I'll suggest that the likes of GM, Chrysler, and Hyundai are in the "proving themselves cycle". Therefore, (depending on the model) their offerings may be good buys. In order to reestablish their brand, or in the case of Hyundai, to establish their brand, they need to offer somewhat more value than their competitors.

Other marques, like say...Toyota, Honda, and VW are in more of a "resting on their laurels" phase. That doesn't mean they're BAD values. It just means that they don't need to be quite the values of some of their competitors.

For a useful illustration of these cycles that most would be familiar with, we can track the up-down-up life cycle of the Ford Mustang, from 1964-1/2 to 2013.
Hyundai is in the Brand Building mode.

GM and Chrysler are in the "undo the brand damage we have done for 30 years".
 

fairsheet

Senator
Hyundai is in the Brand Building mode.

GM and Chrysler are in the "undo the brand damage we have done for 30 years".
But...what difference should that make to the auto consumer? IF for example, the Cruze offers good value, should I care why GM has been caused to offer it to me? For instance, by most objective accounts, the current Cruze is a better value than the Civic.

Therefore, shouldn't I snap up the Cruze?...rather than go with the Civic based what may've been going down with Honda vs. Chevy 10 years ago?
 

degsme

Council Member
But...what difference should that make to the auto consumer? IF for example, the Cruze offers good value, should I care why GM has been caused to offer it to me?
Because the same trade rags said good things about GM's cars in the 80s. And hence folks like me, simply don't believe that the Cruze offers better value than the Civic. And this becomes somewhat self-fullilling as a prophecy. because it means that the Civic holds its value better in the 2nd hand market, which in turn makes the Civic A better value financially than the Cruze.

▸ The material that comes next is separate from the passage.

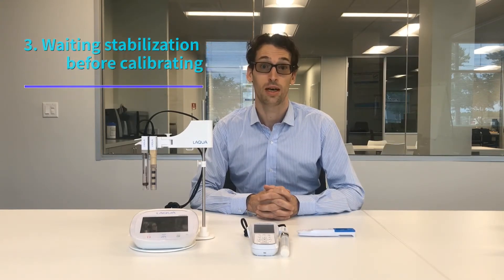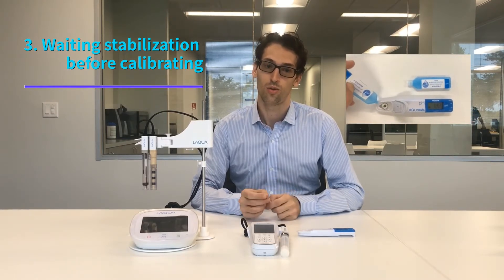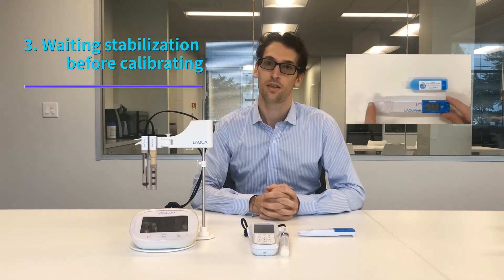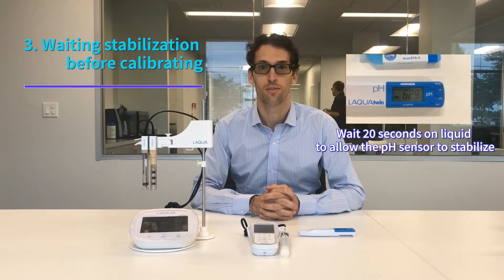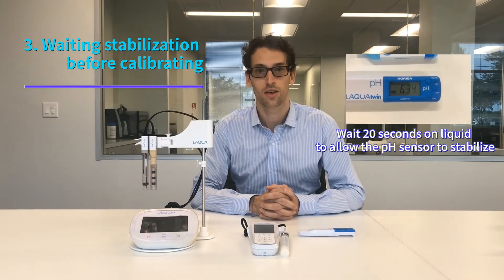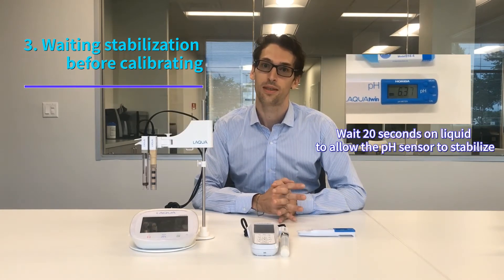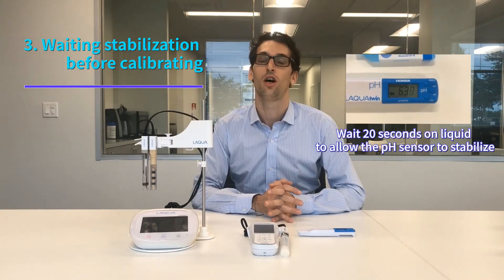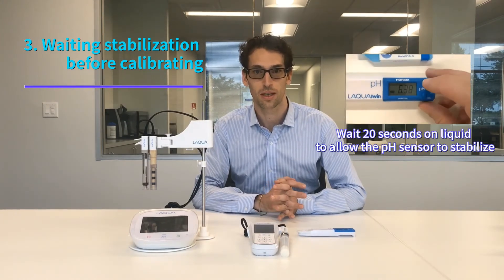The third thing you need to know is that it's important to await meter stabilization when you do the calibration. The right thing to do is to first put the pH standard solution on the sensor and wait about 20 seconds for the meter to stabilize. After stabilization you can go ahead and calibrate the meter. If you do it the other way around there is a risk of a calibration error, or your calibration will not be accurate because the meter will tend to calibrate too quickly.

Unless the Cruze drops its price - which then perversely confirms to me that it isn't nearly as good a car as the Civic.
 

fairsheet

Senator
Because the same trade rags said good things about GM's cars in the 80s. And hence folks like me, simply don't believe that the Cruze offers better value than the Civic. And this becomes somewhat self-fullilling as a prophecy. because it means that the Civic holds its value better in the 2nd hand market, which in turn makes the Civic A better value financially than the Cruze.

Unless the Cruze drops its price - which then perversely confirms to me that it isn't nearly as good a car as the Civic.
To qualify for sure, I'm not a car salesman! But, I've assiduously followed BOTH "Consumer Reports" and the likes of "MotorTrend", "Road & Track", et al my entire life. These two genres tend to come from two rather distinct perspectives. Over the years, I've learned to put them both in their proper context and cross-reference them to suit my needs.

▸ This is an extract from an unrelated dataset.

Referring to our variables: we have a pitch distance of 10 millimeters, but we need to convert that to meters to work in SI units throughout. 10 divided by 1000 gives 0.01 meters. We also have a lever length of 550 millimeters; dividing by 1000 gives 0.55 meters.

So sure..I can remember back in the 80's-90's when the enthusiast-type mags would rate say..some Pontiac at the top while "CR" would rate them at the bottom. But so what?.....I was able to discern "CR's" reasoning and not buy the Pontiac. Or on the flipside, we'll see "CR" rating a Honda Ridgline (based on THEIR) parameters, higher than an F-150. Well...gimme a break. When I need a truck, I don't need it to suit "CR's" sensibilities and I'm sure as HELL not buying a Honda pickup truck.

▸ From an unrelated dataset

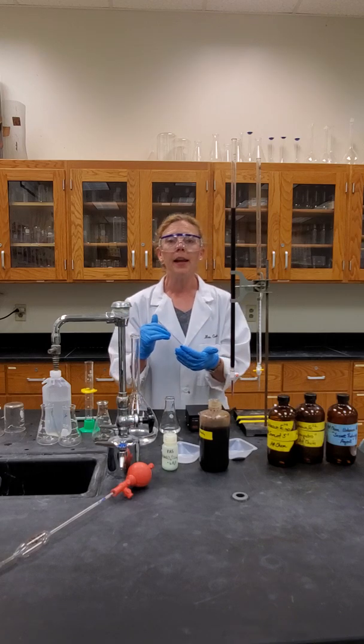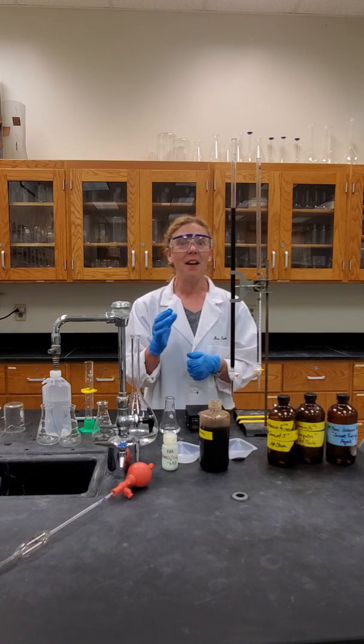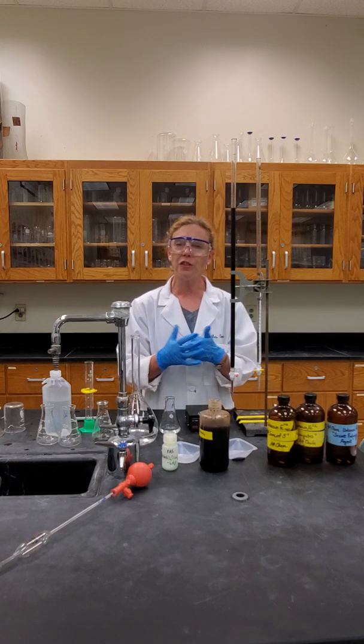We are also acidifying the iron solution, so we want to be extra careful. We're using three molar sulfuric acid and 85% phosphoric acid, which is a weak acid but of high concentration. We just want to be cautious in its handling.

Anyway...back to cross-referencing an putting-in-context....now and again we'll find models that're the favorites of BOTH genres or panned by both. And..that's when you know you're on to something worthwile.

As to the two models in question here. Both genres are sanguine with the Cruze. And, both genres are disappointed (to put it mildly) in the Civic. Heck..."CR" rated the Civic SO low that dropped below their "acceptable" line! Shit...that's territory heretofore occupied only by Smarts and last-generation Dodges.
 

trapdoor

Governor
See I would like to believe that. I really would. But I drove SOOO many sh!tbox GMs from Avis over the last 20 years, and my experieince with my '89 Suburban was so crappy (no other vehicle did what it did, but the quality SUCKED) that I just have a hard time getting over that. (See I'm not rational all the time either). My GF has a Toyota Rav4. And its the classic Toyota. A bit noisy, rattles a bit, but all sorts of things about it are nice and it JUSK FVCKING WORKS.
Basically, it's a credibility problem. Credibility, once lost, is damn hard to recover. Among the best cars I've ever owned is a GM product from the early 1990s -- a 1993 3.8 liter V-6 Oldsmobile Achieva. I put more than 120,000 miles on the car, and it had only two real flaws. It was a little over-engined and consequently it ran through the lower motor mount called a "dog bone" because of its shape, about every 30,000 miles. And after I had about had put about 115,000 miles on the car (meaning the car had seen 145,000 as it wasn't new when I bought it), the driver's side power window quit working. It was still running strong when I sold it to a teenager (I don't know if he ever fixed the window). I'd frankly love to have a new one just like it.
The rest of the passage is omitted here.